[Instructions to follow]:
Transcribe the listing below exactly, leaving out each image.

======== Data provided

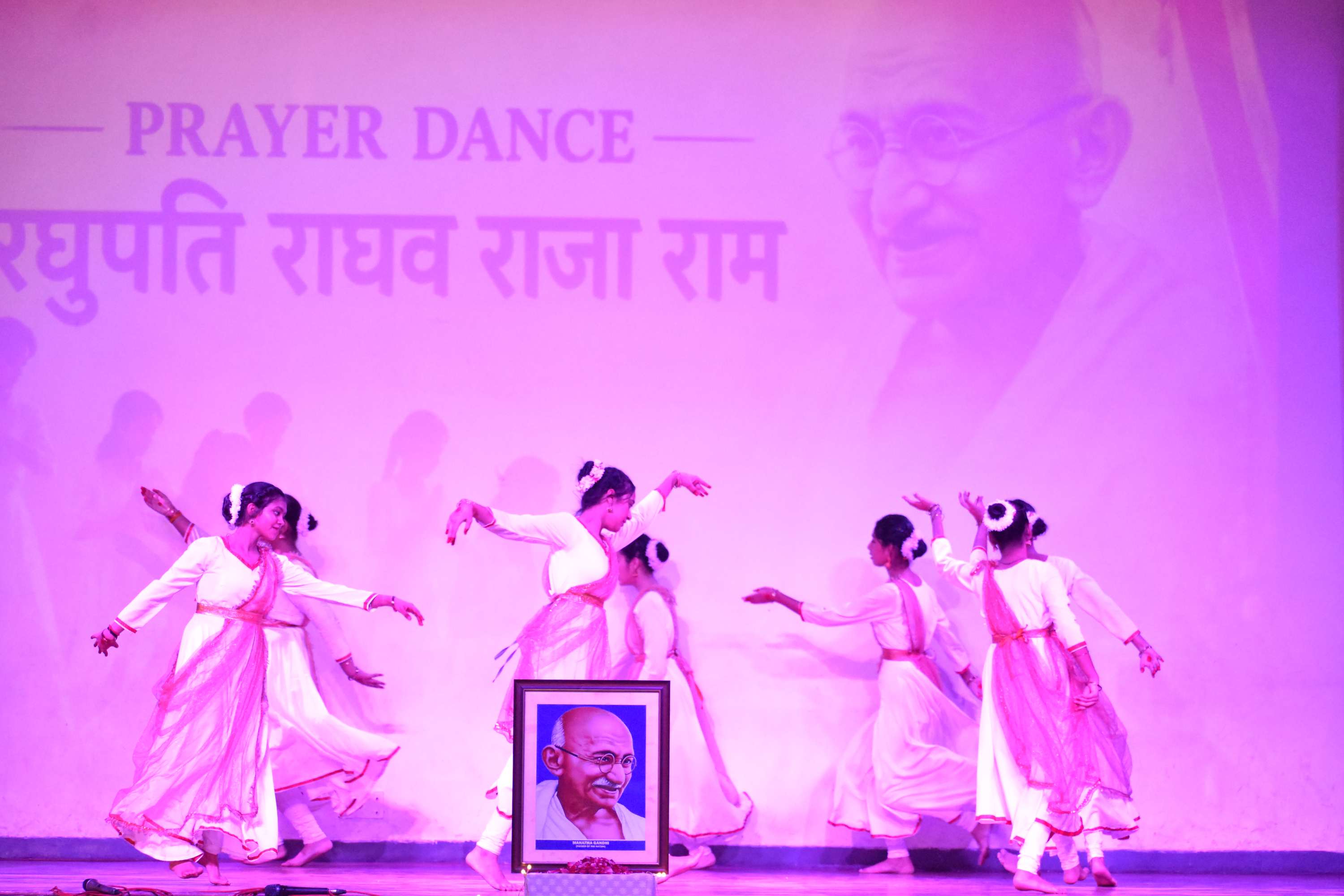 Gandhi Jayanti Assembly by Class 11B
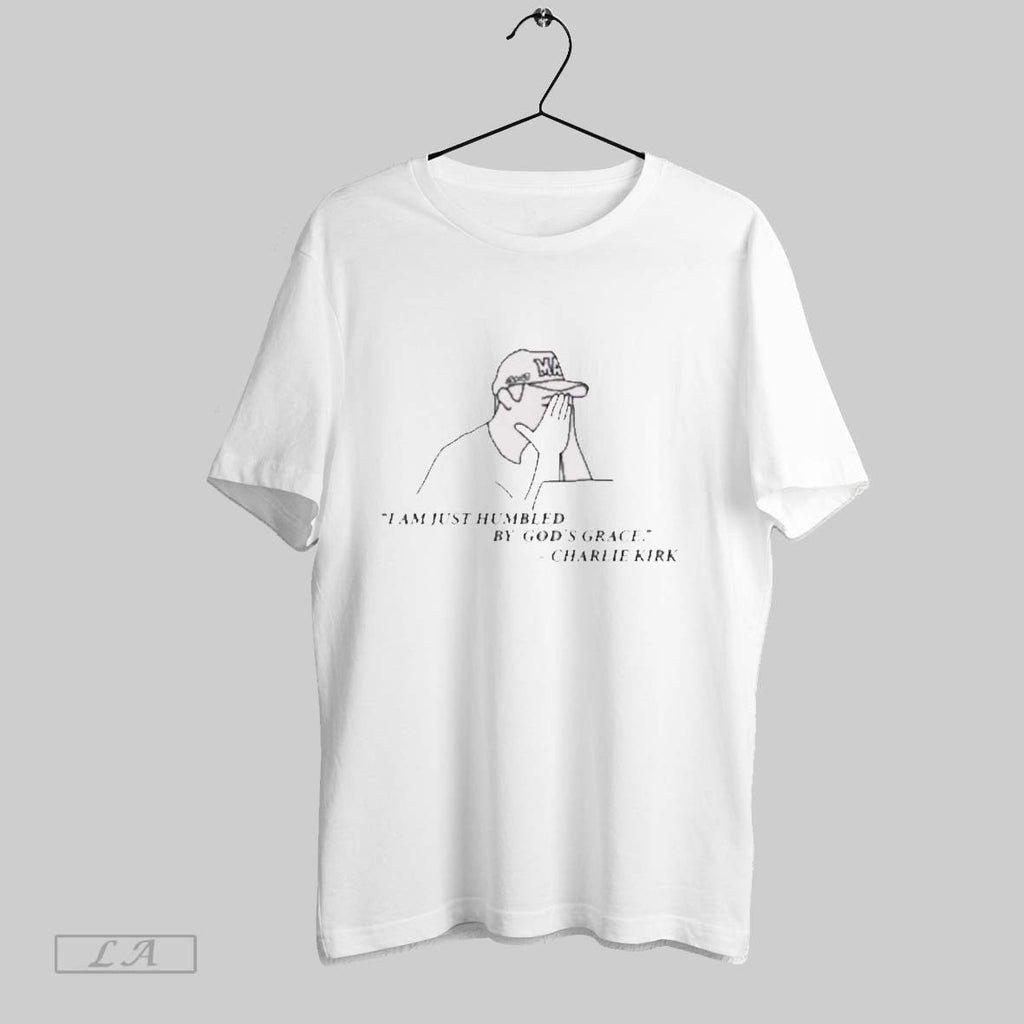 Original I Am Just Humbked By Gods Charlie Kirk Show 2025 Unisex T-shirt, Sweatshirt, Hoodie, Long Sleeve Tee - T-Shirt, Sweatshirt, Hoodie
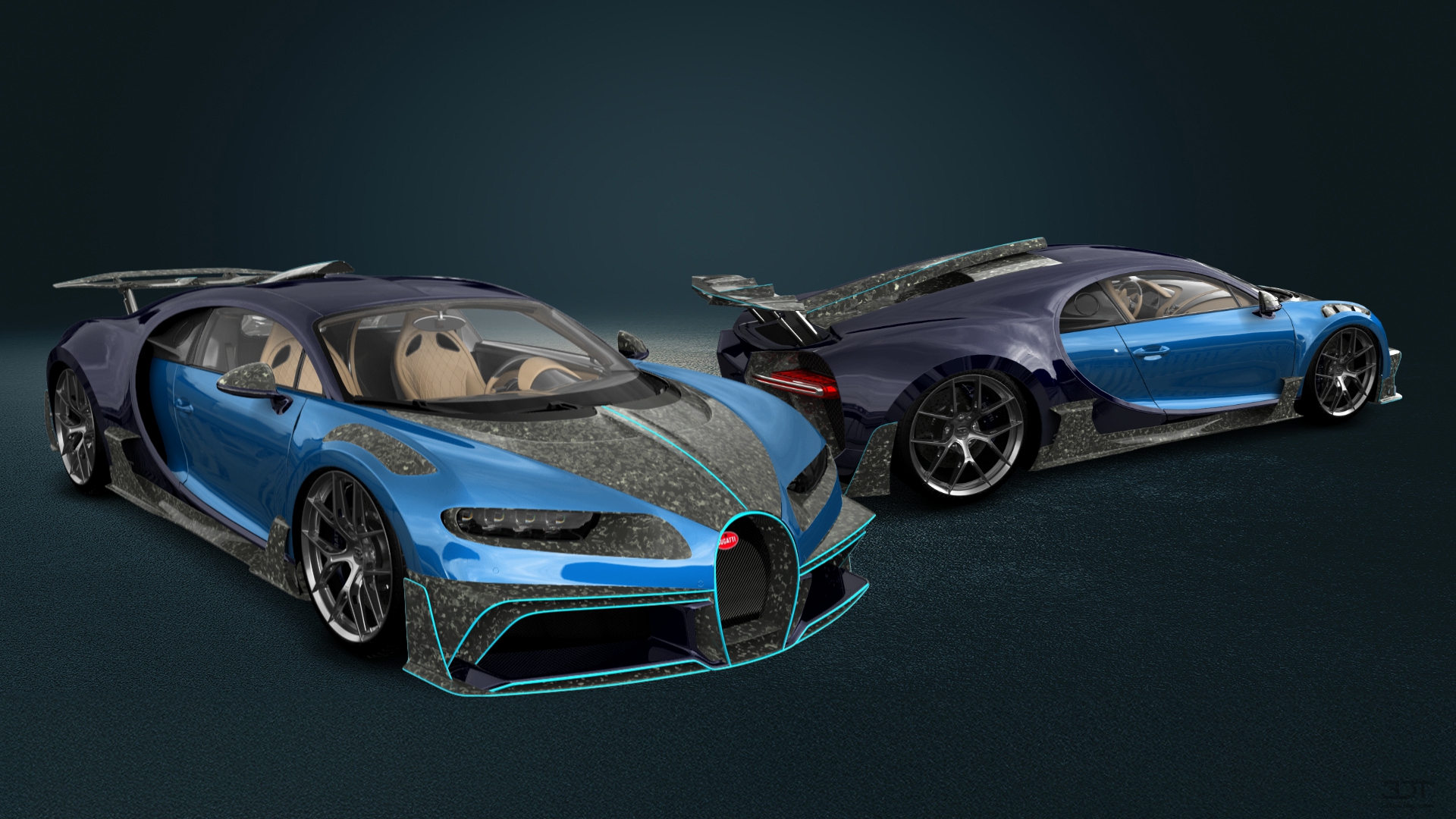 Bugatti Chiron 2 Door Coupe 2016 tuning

================

[Output for this task]:
 Gandhi Jayanti Assembly by Class 11B
 Original I Am Just Humbked By Gods Charlie Kirk Show 2025 Unisex T-shirt, Sweatshirt, Hoodie, Long Sleeve Tee - T-Shirt, Sweatshirt, Hoodie
 Bugatti Chiron 2 Door Coupe 2016 tuning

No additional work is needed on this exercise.